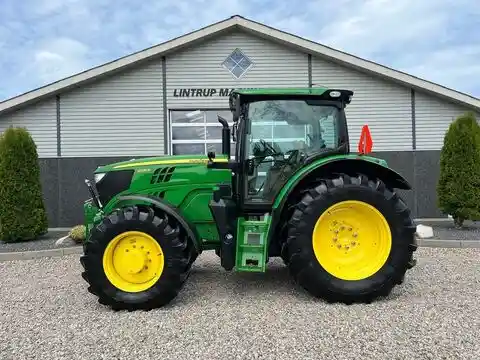John Deere 6135R Krybegear, Frontkraftheber, TLS Affjedret-Gabeln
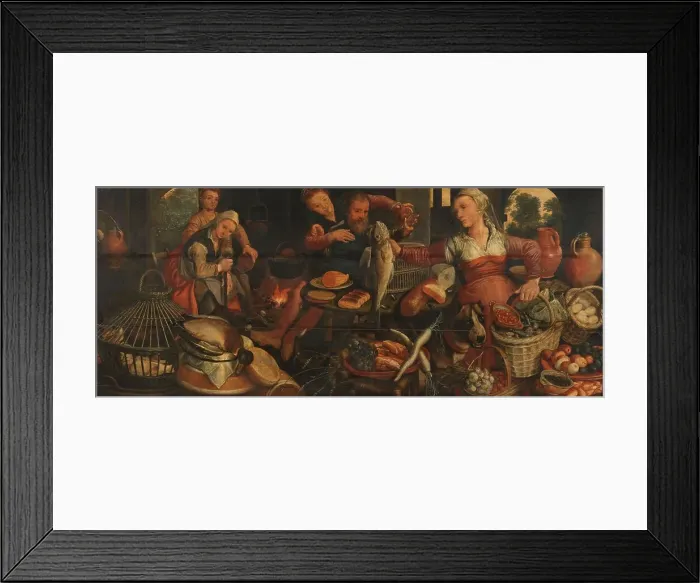 Framed Print : Kitchen Scene, 1560-1565. Creator: Pieter Aertsen Framed Print : Kitchen Scene, 1560-1565. Creator: Pieter Aertsen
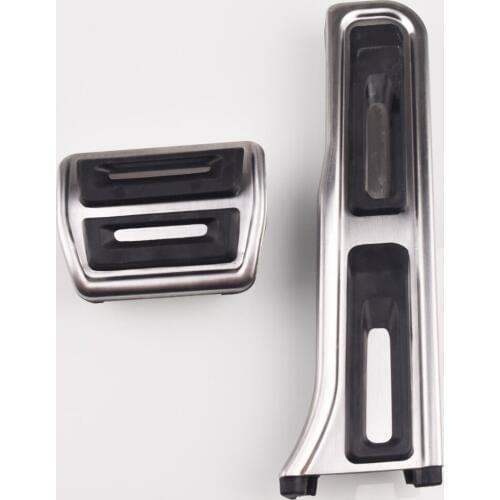 Stainless steel Car Pedal Pads Cover For Audi Q3 For Volkswagen Passat B7 Variant Touran Scirocco Car Stying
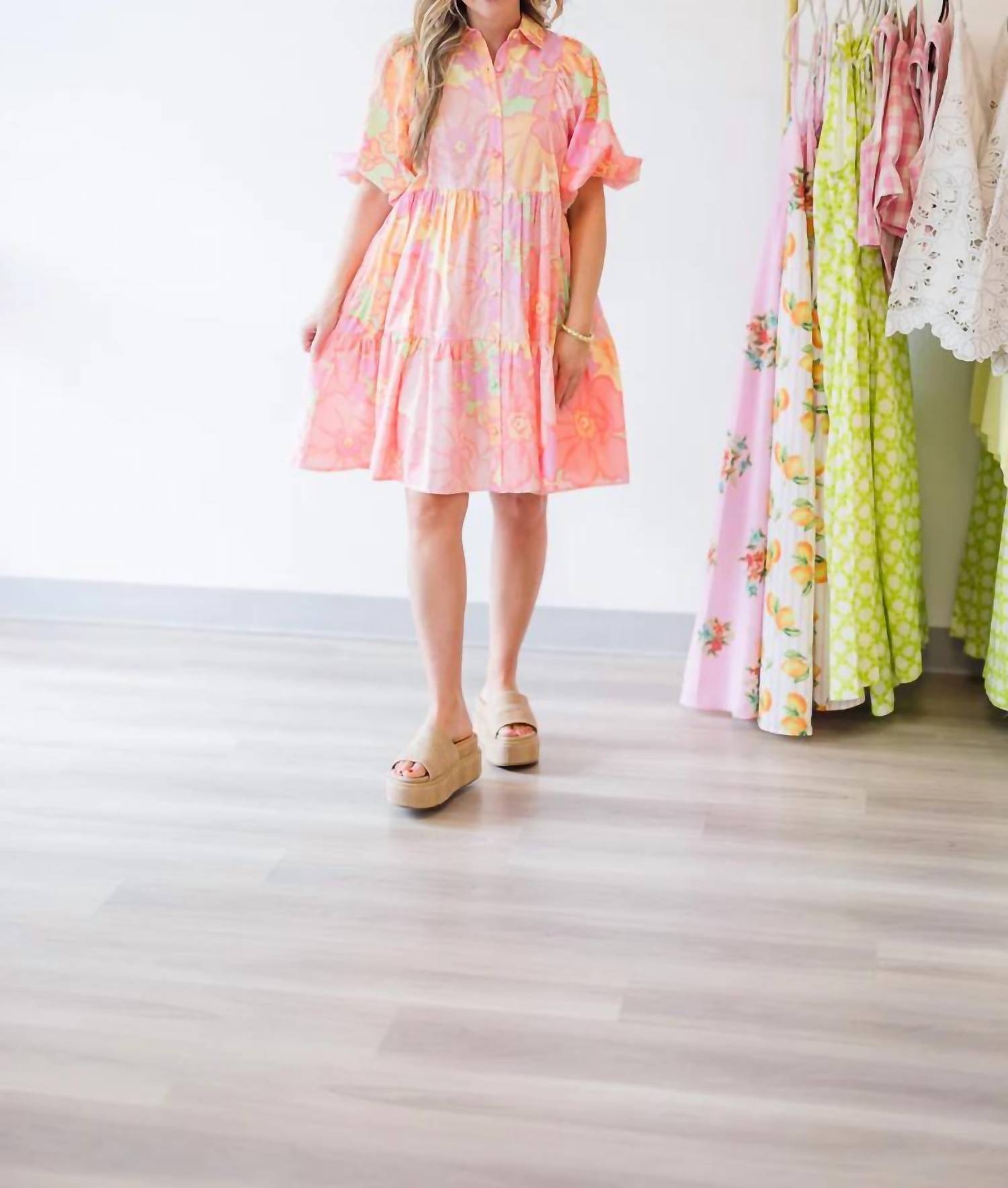 Karlie - Sorbet Swing Mini Dress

§ **WORK TASK**: Starting with the first line of the material, print each line exactly until you have printed the line with "Pieter Aertsen Framed", and skip the pictures.

§ **SOLUTION TO THIS TASK**:
John Deere 6135R Krybegear, Frontkraftheber, TLS Affjedret-Gabeln
 Framed Print : Kitchen Scene, 1560-1565. Creator: Pieter Aertsen Framed Print : Kitchen Scene, 1560-1565. Creator: Pieter Aertsen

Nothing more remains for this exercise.